Leslie Cole
For lovers of all things piggy, the expected arrival early this year of iberico ham (jamon iberico), the Perigord truffle of the pork world, was cause for celebration. Despite plenty of promises, the wait isn't over yet.
Streaked with creamy, nutty-tasting fat and so red it's nearly purple, the salt- and air-cured Spanish mountain ham, known also as pata negra (Spanish for black foot or black hoof), is widely acknowledged as the world's greatest.
"It's fantastic," says Steve Jones of Steve's Cheese in Northwest Portland, who tasted the most prized type, the acorn-fed jamon iberico de bellota, several years back at Harrods in London. "It is really hard to forget. The acorns impart a definite nuttiness."

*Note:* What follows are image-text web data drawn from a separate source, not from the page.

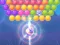Igra Bubble Queen Cat online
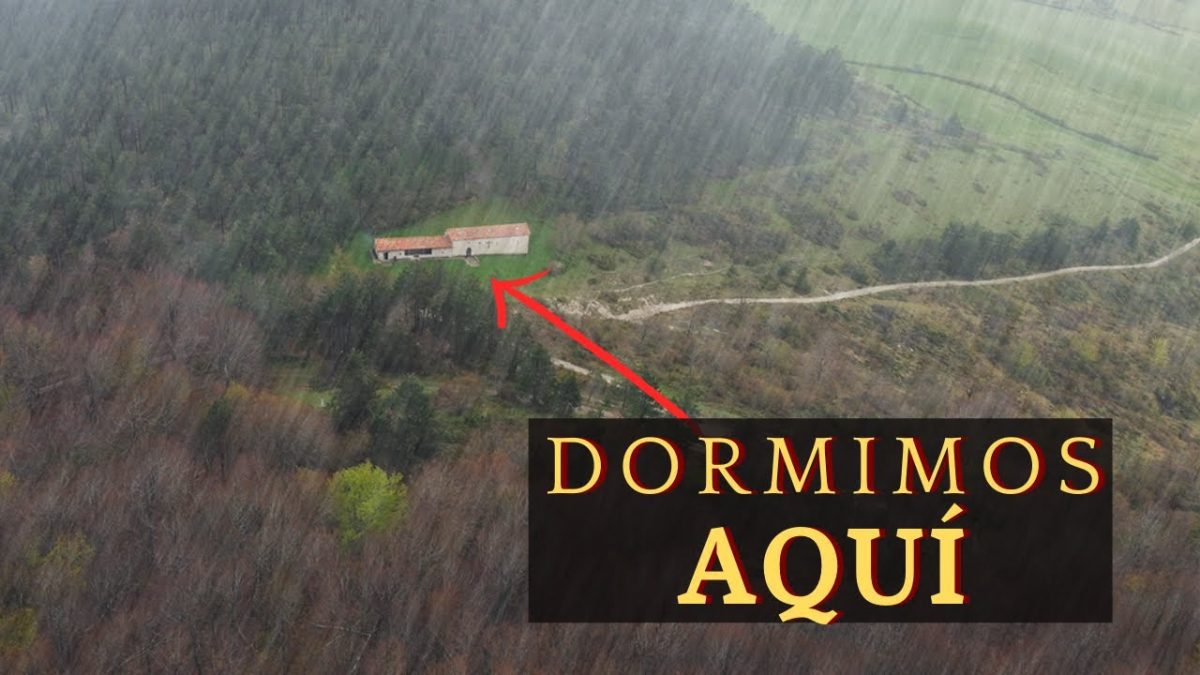 Sierra-bajo-la-lluvia-Una-experiencia-diferente - La Sierra Noticias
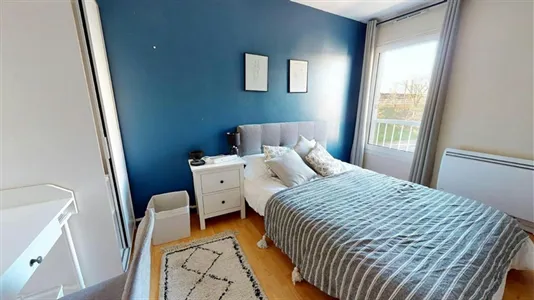 Rooms in Lyon - photo 2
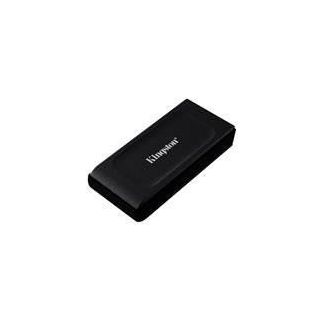 External SSD|KINGSTON|XS1000|2TB|USB 3.2|Write speed 1000 MBytes/sec|Read speed 1050 MBytes/sec|SXS1000/2000G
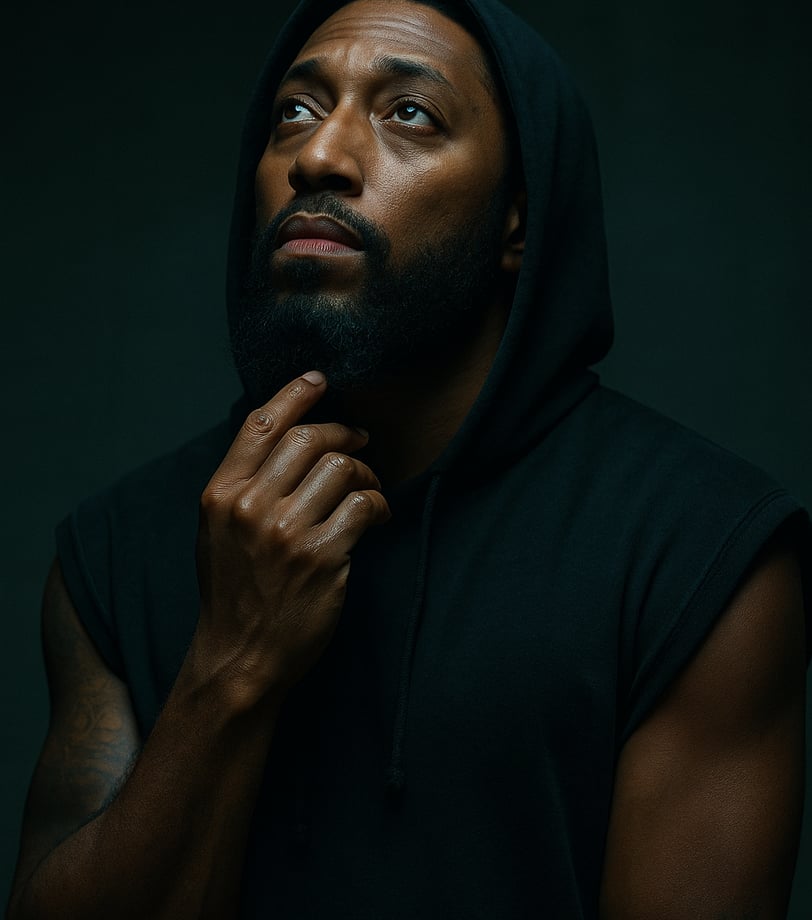 What If Lecrae Became Muslim? A Reflection on Faith, Redemption, and Grooming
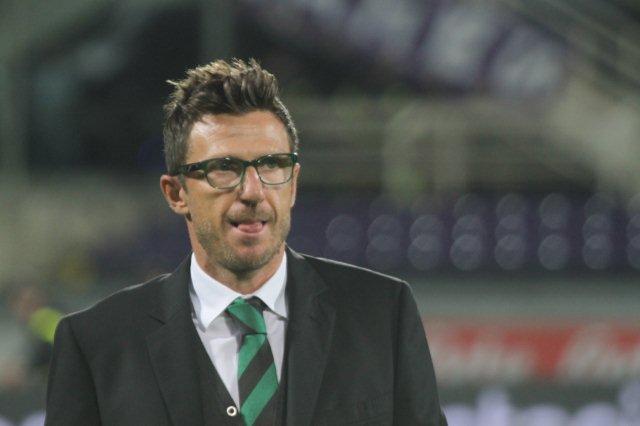 Eusebio Di Francesco photo
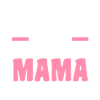 Mama Oma Oma Geschenk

A popular bar snack in Spain (some would call it a national obsession), iberico ham, like its everyday cousin, serrano, is a meatier, gutsier nibble than a delicate slice of prosciutto.
The meat comes from free-range Iberian hogs, a boarlike heirloom breed that roams Western Andalusia gorging on wild acorns. The breed, the feed and the fact each whole-leg ham dry-cures for two to four years, accounts for its appeal and its exorbitant price: around $1,200 for a whole ham, although you can buy it by the slice ($50 to $100 a pound, depending on the grade).
Trouble is, it's never been sold on American shores because until recently Spain lacked a USDA-certified slaughterhouse for it. (Serrano ham gets around that because it's butchered in Holland, which does have USDA facilities, and then sent back to Spain for curing.)
That changed in 2005, when a small Spanish operation called Fermin built a USDA-approved facility and was approved to export iberico pork products to the U.S. Though a few cases of chorizo and salchichon, dry-aged sausages made from the vaunted pork, slipped into Portland last fall (Pastaworks sold them locally for about a month), the shipments stopped, and there's still no sign of that ham.
What's the holdup?
It boils down to missing paperwork, say folks close to the process.
"For the last six months, we've been on a sort of go-slow," says Taylor Griffin, a partner in Fermin USA, the U.S. subsidiary of the Spanish producer. (Another partner in the venture is Spanish chef Jose Andres, who owns Jaleo and six other restaurants around Washington, D.C.)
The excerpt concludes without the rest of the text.